Transcribe each line below verbatim; pictures excluded.

BEGIN DATA PROVIDED

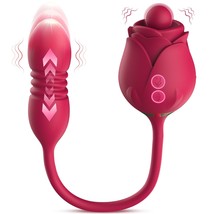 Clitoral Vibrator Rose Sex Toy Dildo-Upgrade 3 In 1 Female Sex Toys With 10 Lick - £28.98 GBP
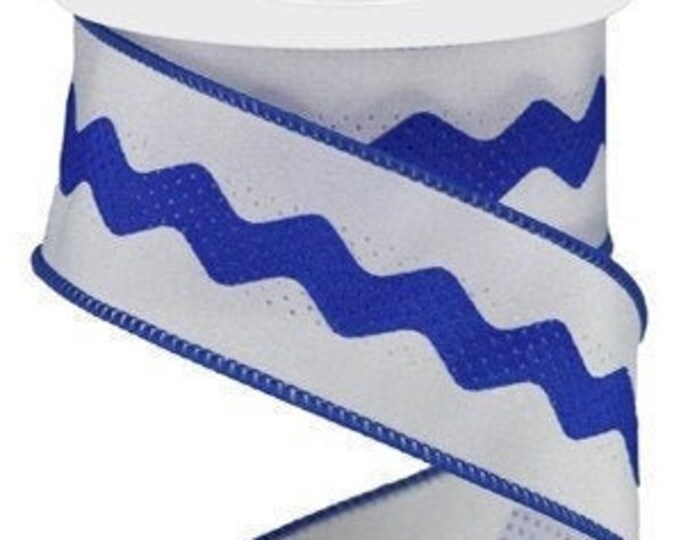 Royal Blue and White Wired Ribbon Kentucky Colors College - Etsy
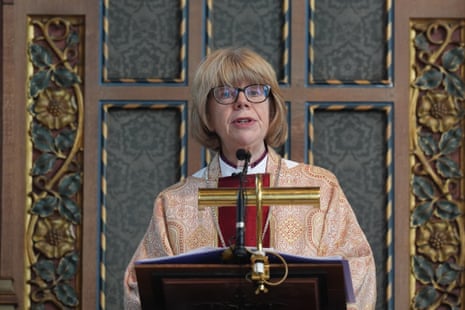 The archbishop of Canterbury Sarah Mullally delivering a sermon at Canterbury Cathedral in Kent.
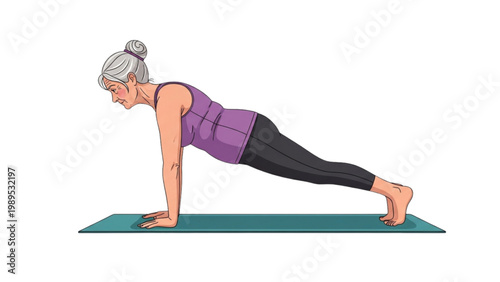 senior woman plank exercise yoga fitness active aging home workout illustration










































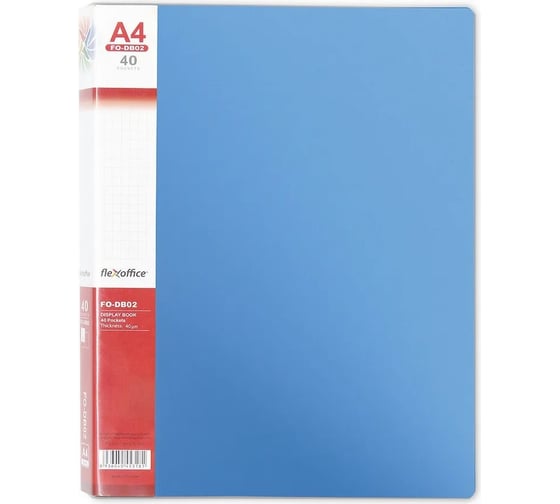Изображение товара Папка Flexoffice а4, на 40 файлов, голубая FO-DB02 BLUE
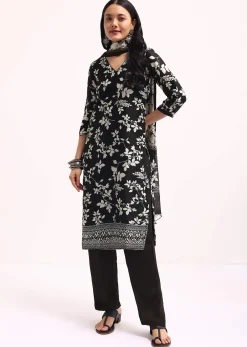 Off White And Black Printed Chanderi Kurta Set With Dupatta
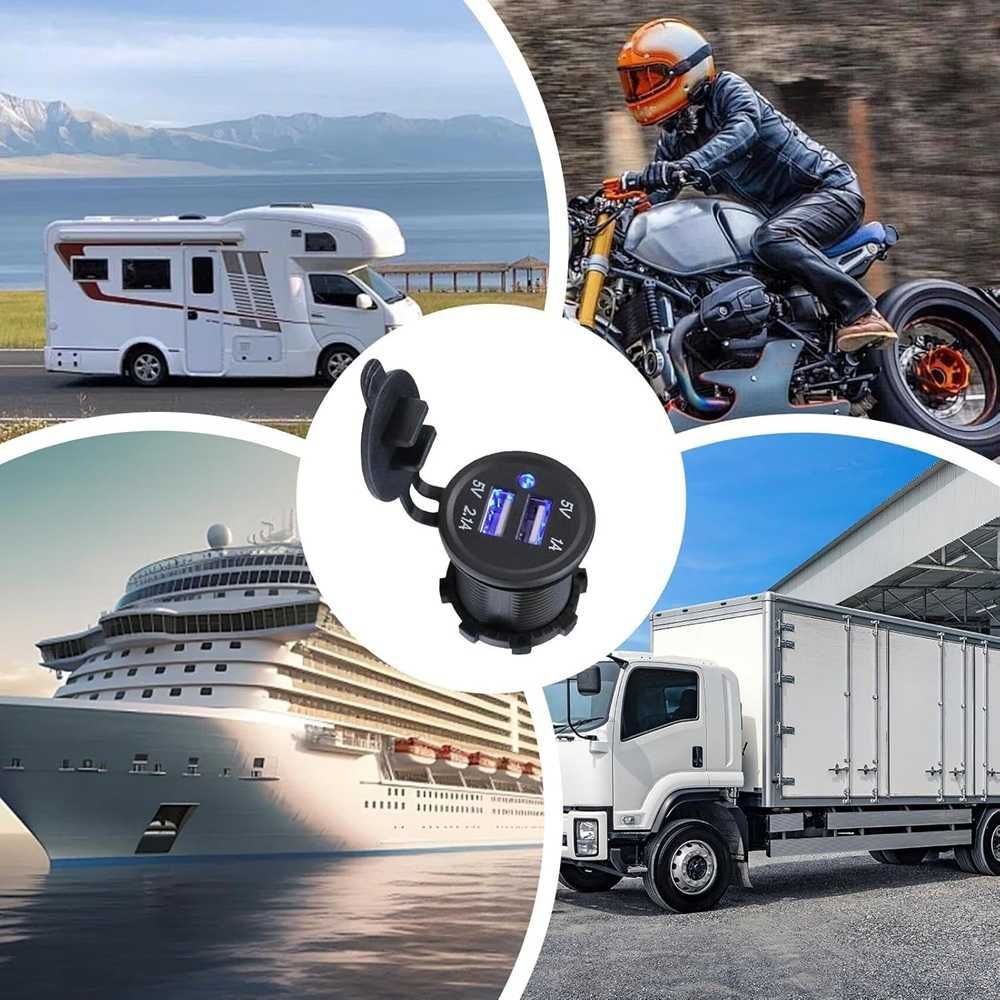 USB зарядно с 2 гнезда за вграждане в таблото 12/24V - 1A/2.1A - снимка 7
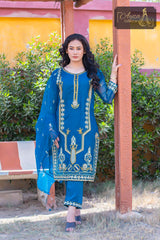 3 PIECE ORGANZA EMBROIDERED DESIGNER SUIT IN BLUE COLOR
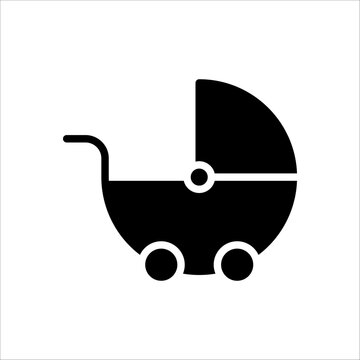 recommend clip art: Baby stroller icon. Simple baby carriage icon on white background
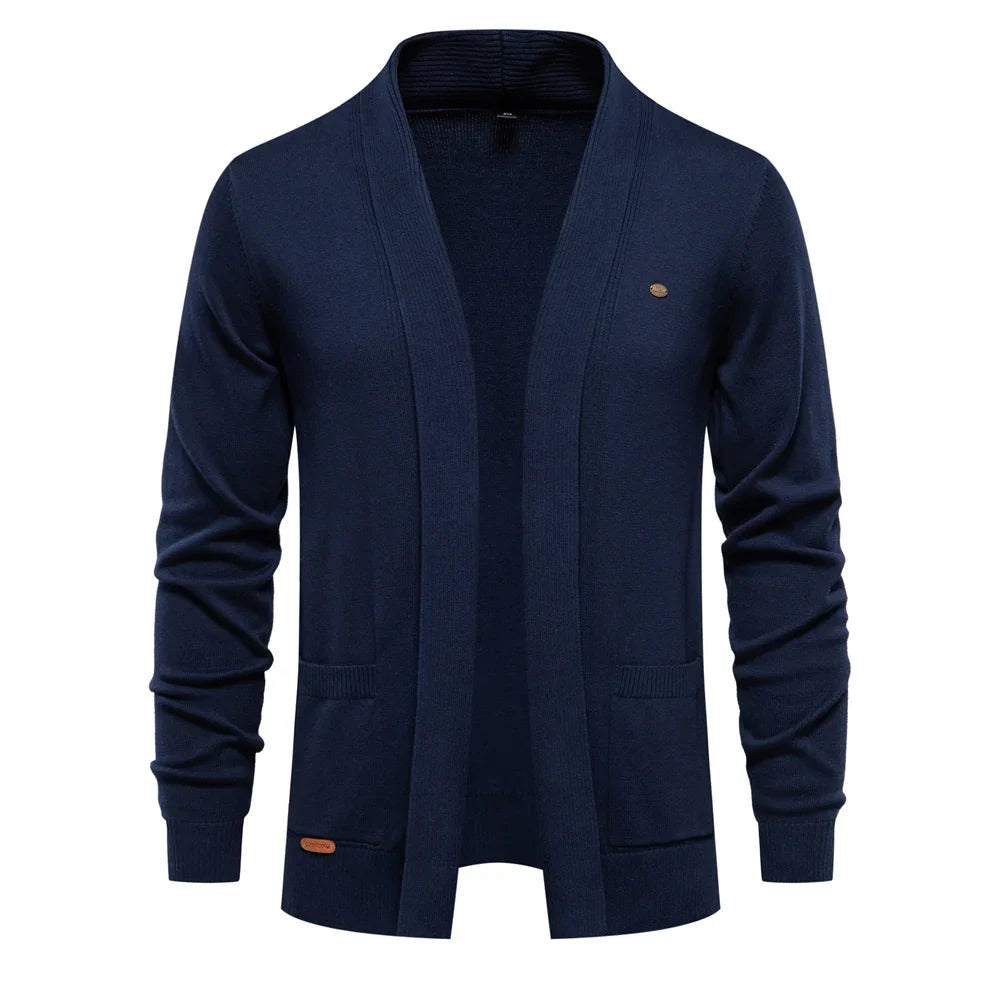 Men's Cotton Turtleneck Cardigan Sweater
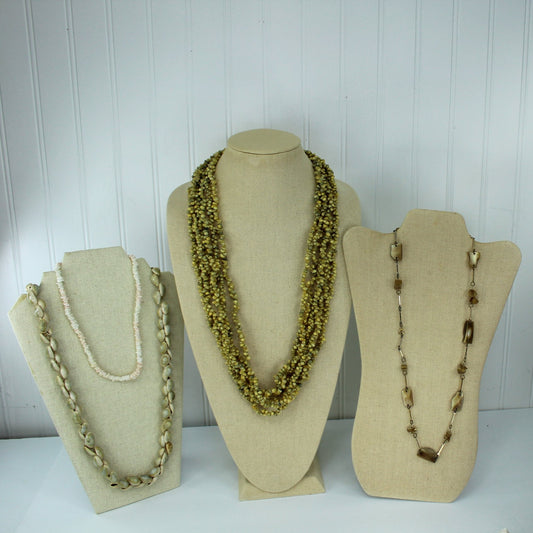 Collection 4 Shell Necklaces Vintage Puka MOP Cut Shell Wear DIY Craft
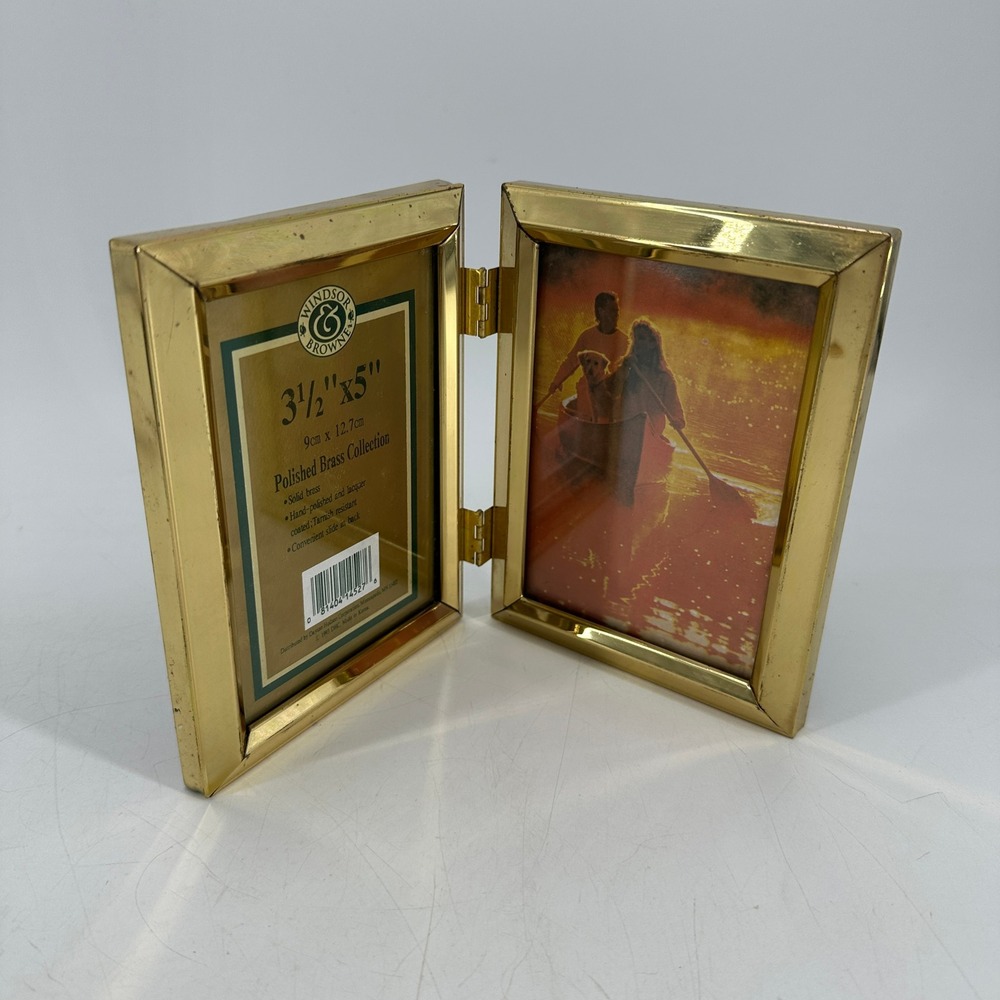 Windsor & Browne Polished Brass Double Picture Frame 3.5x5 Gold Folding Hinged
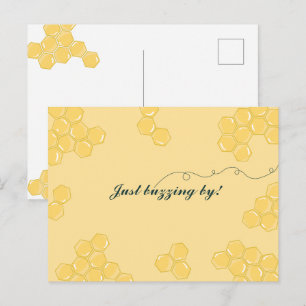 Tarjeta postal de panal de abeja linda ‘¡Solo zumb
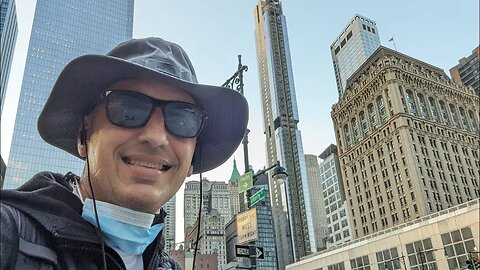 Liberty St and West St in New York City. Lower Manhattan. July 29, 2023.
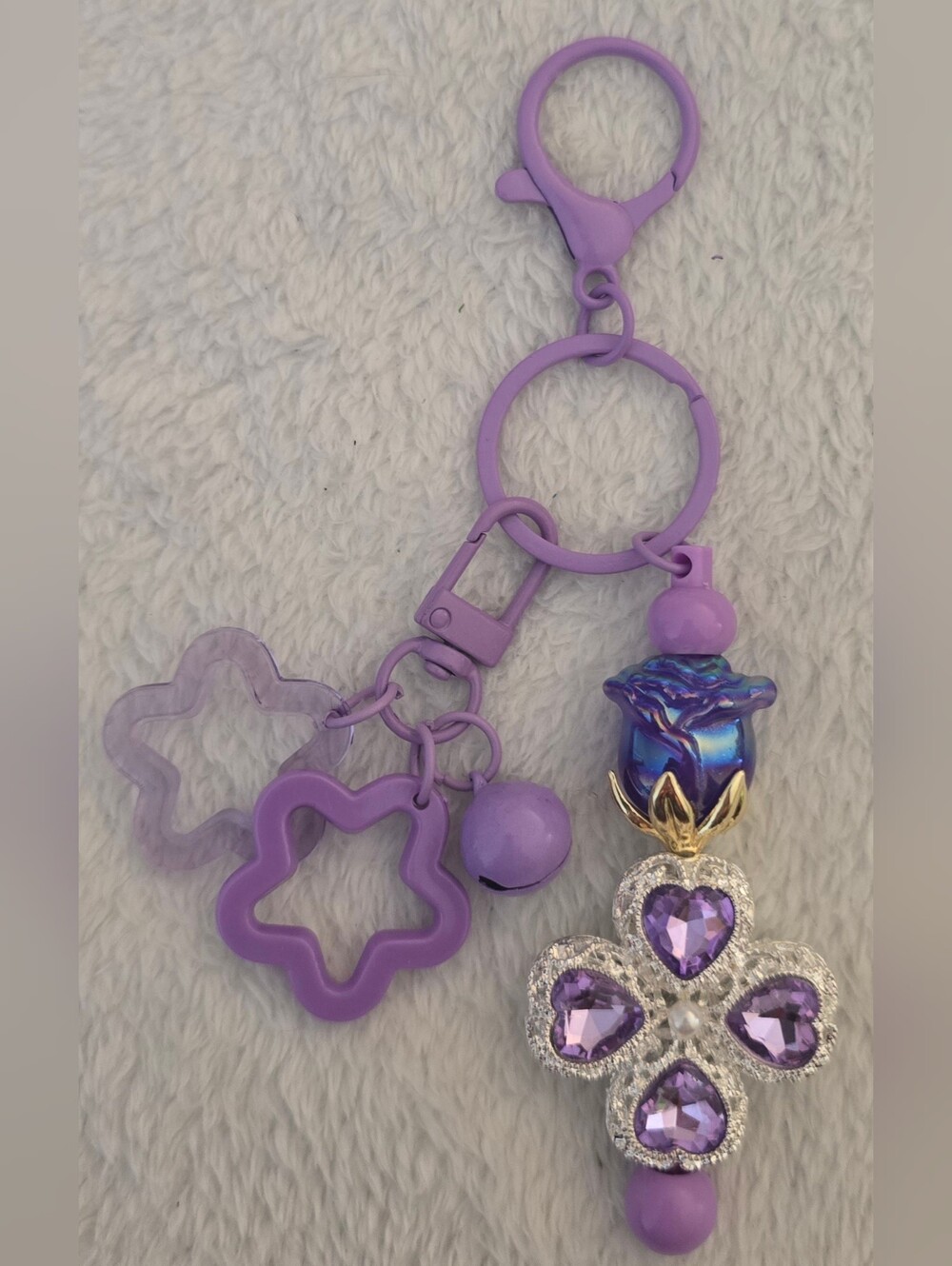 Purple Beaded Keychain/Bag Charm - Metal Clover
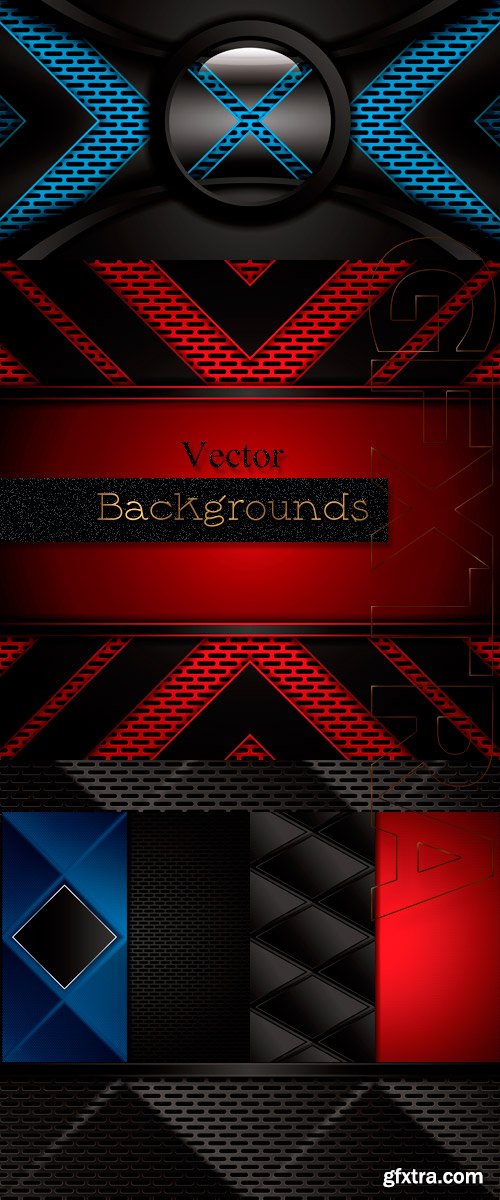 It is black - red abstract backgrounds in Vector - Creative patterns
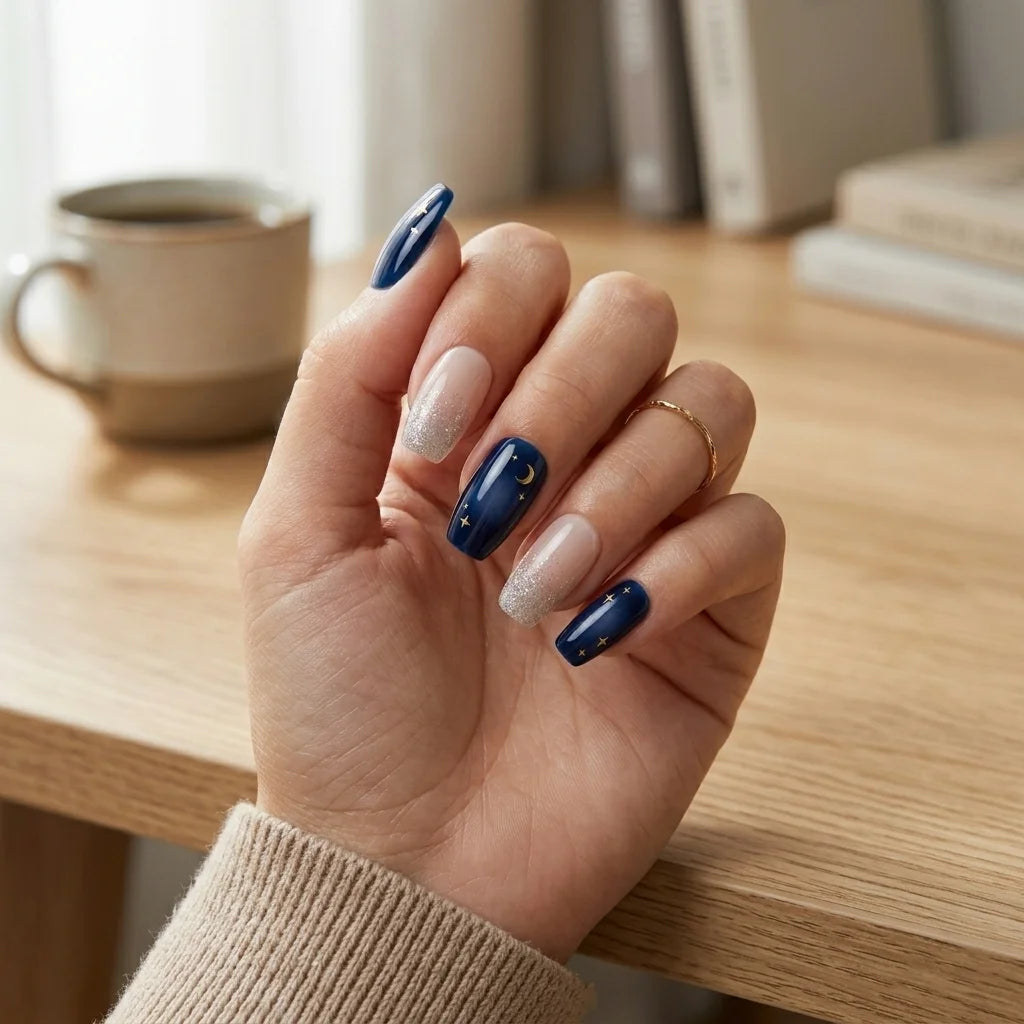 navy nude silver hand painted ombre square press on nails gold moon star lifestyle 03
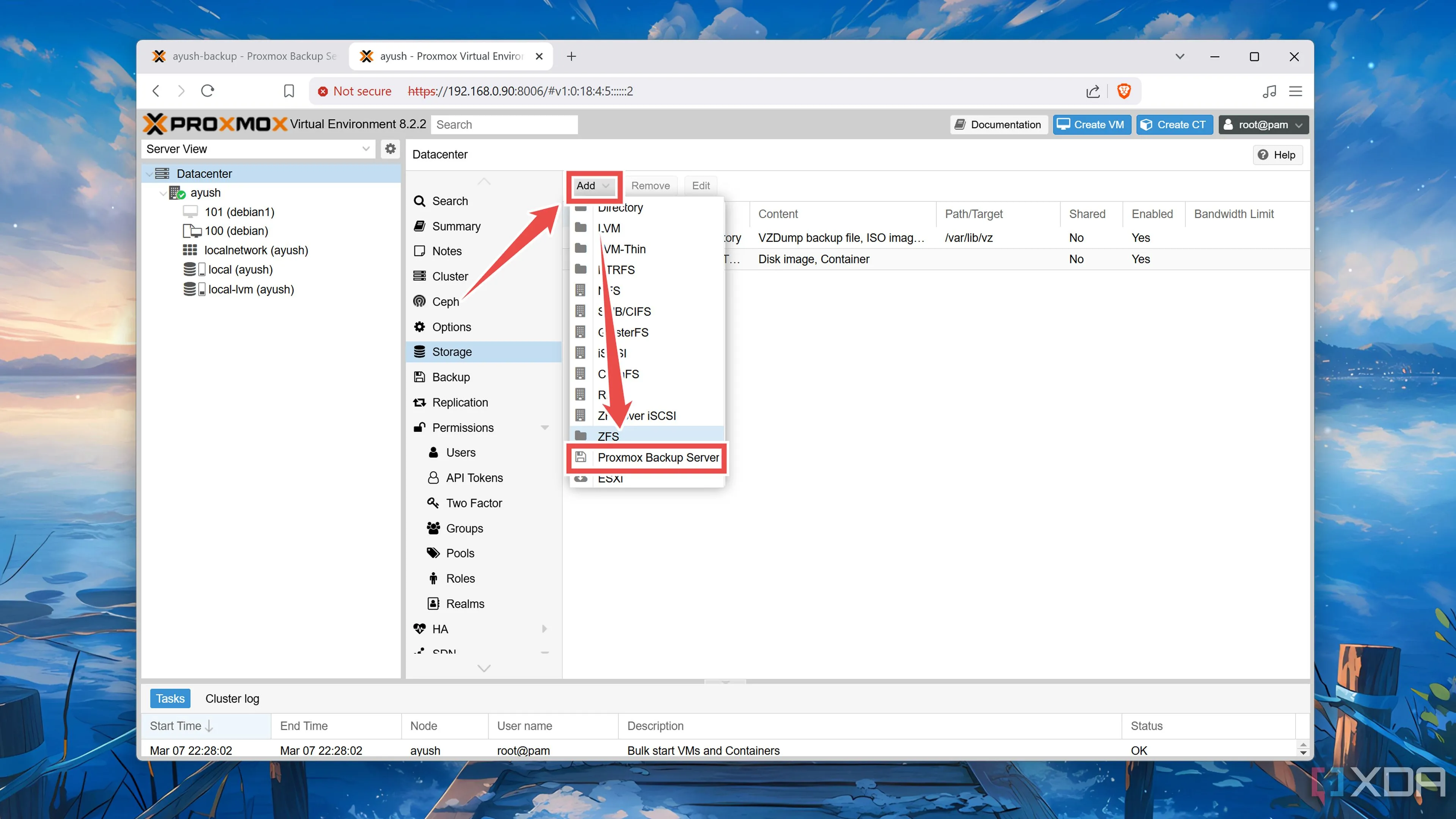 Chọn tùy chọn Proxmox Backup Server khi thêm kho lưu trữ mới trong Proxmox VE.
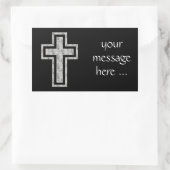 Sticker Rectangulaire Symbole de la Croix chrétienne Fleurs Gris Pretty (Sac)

END DATA PROVIDED

YOUR SOLUTION.
 Clitoral Vibrator Rose Sex Toy Dildo-Upgrade 3 In 1 Female Sex Toys With 10 Lick - £28.98 GBP
 Royal Blue and White Wired Ribbon Kentucky Colors College - Etsy
 The archbishop of Canterbury Sarah Mullally delivering a sermon at Canterbury Cathedral in Kent.
 senior woman plank exercise yoga fitness active aging home workout illustration










































Изображение товара Папка Flexoffice а4, на 40 файлов, голубая FO-DB02 BLUE
 Off White And Black Printed Chanderi Kurta Set With Dupatta
 USB зарядно с 2 гнезда за вграждане в таблото 12/24V - 1A/2.1A - снимка 7
 3 PIECE ORGANZA EMBROIDERED DESIGNER SUIT IN BLUE COLOR
 recommend clip art: Baby stroller icon. Simple baby carriage icon on white background
 Men's Cotton Turtleneck Cardigan Sweater
 Collection 4 Shell Necklaces Vintage Puka MOP Cut Shell Wear DIY Craft
 Windsor & Browne Polished Brass Double Picture Frame 3.5x5 Gold Folding Hinged
 Tarjeta postal de panal de abeja linda ‘¡Solo zumb
 Liberty St and West St in New York City. Lower Manhattan. July 29, 2023.
 Purple Beaded Keychain/Bag Charm - Metal Clover
 It is black - red abstract backgrounds in Vector - Creative patterns
 navy nude silver hand painted ombre square press on nails gold moon star lifestyle 03
 Chọn tùy chọn Proxmox Backup Server khi thêm kho lưu trữ mới trong Proxmox VE.
 Sticker Rectangulaire Symbole de la Croix chrétienne Fleurs Gris Pretty (Sac)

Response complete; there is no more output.